Consider the two ways a screening system can be wrong. A false positive (FP) tells a healthy patient that they may have a condition they do not have. This causes anxiety, prompts further investigation, and ultimately resolves correctly when a follow-up examination finds nothing. The patient is distressed. Theyare not harmed.

A false negative (FN) tells a patient with a condition that they are clear. They leave the system. The condition progresses. In rare genetic disorders, the window for intervention may be narrow. The consequences of a missed diagnosis are not a correctable inconvenience. They can be irreversible.

The F-beta metric is the technical expression of this clinical judgement. It is a measure of a system's performance that allows the designer to explicitly weight recall (the system's ability to find every true case) against precision (its ability to avoid false alarms). A beta value greater than one weights recall more heavily. It tells the system, in mathematical terms, that missing a patient who has the condition is worse than flagging a patient who does not.

This is not a technical preference. It is a clinical decision, made explicitly, auditably, and adjustably by the people responsible for the system's behaviour. It can be reviewed by clinical governance. It can be changed if the clinical context changes. It can be reported to regulators as a documented design choice with a documented rationale.

A system that has never had this conversation, that ships with a default accuracy metric and calls it evaluated, has not been designed for clinical use. It has been adapted to it, which is a different thing entirely.


The Potential

Electronic medical records now exist at scale across most healthcare systems in the developed world. Within them, buried in years of clinical notes, test results, and referral letters, are patients with conditions that have not yet been identified. Not because the evidence is absent, but because no human reviewer has had the time or the systematic method to find it.

Retrospective search across these records, finding patients who match the profile of a rare condition from historical data, is one of the most significant untapped applications of clinical AI. It does not require real-time inference. It requires a system that can read across heterogeneous data types at scale, reason about ambiguous and incomplete evidence, and flag candidates for clinical review with enough sensitivity to include the boundary cases and enough transparency to explain why each candidate was selected.

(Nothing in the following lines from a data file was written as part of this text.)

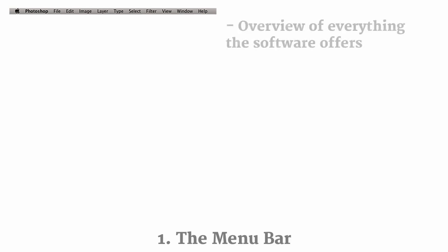So to start us off, we're going to look at the very topmost bar of Photoshop, which is the menu bar. And the menu bar contains an overview of everything that this software has to offer. So if you're unsure of where to find something or look for something, it will most likely be in here.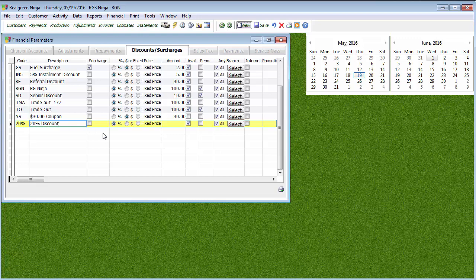Because I want to do it as a percentage, I'm going to make sure Percentage here is selected. Now, if it was something like a $20 off discount, then I would choose the dollar sign. So you see where it says $30 Coupon here, that dollar sign says take $30 off the price of the service.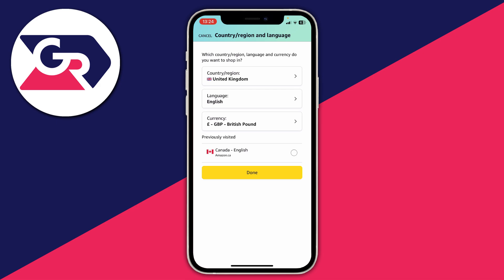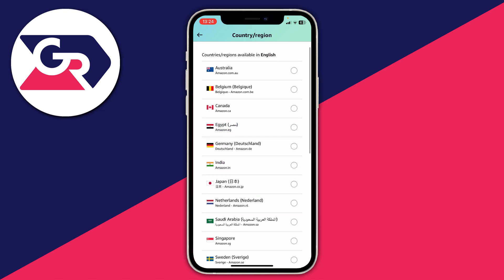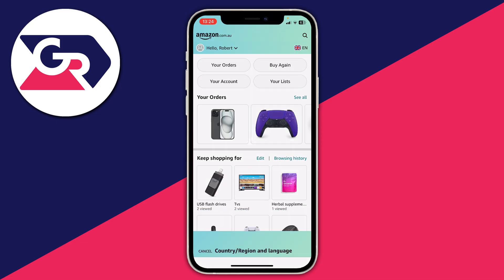Click on country and region and choose from the list. For example, you could select Australia. You can also change the language, and the currency will be automatically determined by the country you've chosen.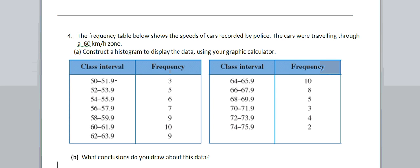You can see here we've got grouped or classed intervals, so speeds of 50 to 51.9. There were three cars recorded at that particular speed, from 52 to 53.9, there's five, etc. Now we need to make a histogram for this particular data, and we had some difficulties originally in class doing a histogram for group data.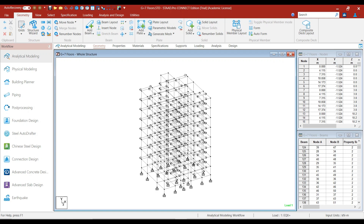Hello friends, welcome to this practical course on Stratus software. In this lecture, I will explain how to interpret the design results and how to detail beams as per SP34 and IS-13920-2016 code.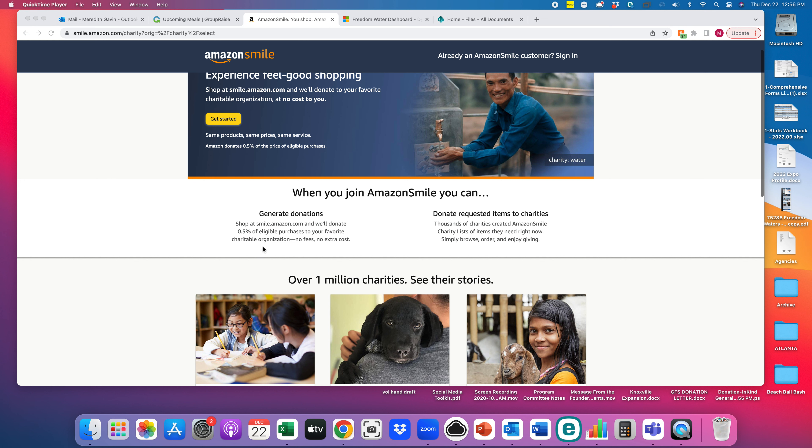Hello everyone and welcome to how to apply for our AmazonSmile campaign for Freedom Waters Foundation. This is Meredith, your Program Director on the West Coast and for Expansion, and today we're going to walk you through how to sign up for AmazonSmile.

Real-time flagging, identifying candidates as new records are created rather than trawling historical data, extends this further. A patient who presents today with a pattern consistent with a rare genetic disorder can be flagged for specialist review at the point of encounter, before years of records accumulate that a retrospective search would later have to reconstruct.

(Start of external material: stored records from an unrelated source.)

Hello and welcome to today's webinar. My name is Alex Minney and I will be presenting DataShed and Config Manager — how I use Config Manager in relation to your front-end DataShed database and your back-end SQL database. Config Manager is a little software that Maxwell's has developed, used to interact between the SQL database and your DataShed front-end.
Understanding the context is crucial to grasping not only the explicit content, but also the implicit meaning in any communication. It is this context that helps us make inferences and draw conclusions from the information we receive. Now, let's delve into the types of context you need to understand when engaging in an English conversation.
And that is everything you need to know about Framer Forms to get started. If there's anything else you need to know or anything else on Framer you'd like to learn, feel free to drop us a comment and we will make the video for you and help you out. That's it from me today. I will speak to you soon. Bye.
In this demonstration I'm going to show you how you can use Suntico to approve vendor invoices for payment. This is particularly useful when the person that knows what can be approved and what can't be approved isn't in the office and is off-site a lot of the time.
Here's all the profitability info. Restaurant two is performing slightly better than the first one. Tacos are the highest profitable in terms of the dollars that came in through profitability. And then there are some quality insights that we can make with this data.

The downstream imaging examination, where flagged candidates proceed to targeted imaging review, connects directly to the production realities described in the Medical Imaging primer: the cross-device challenges, the transformation layer architecture, and the governance frameworks that make AI-assisted clinical review trustworthy rather than merely functional.

The research foundation for this work is experimental and ongoing. The potential it points toward is neither speculative nor distant. The components exist. The methodology is established. The clinical reasoning is sound. What remains is the engineering discipline and governance rigour to bring them together in production, which is, as always, where the real work is done.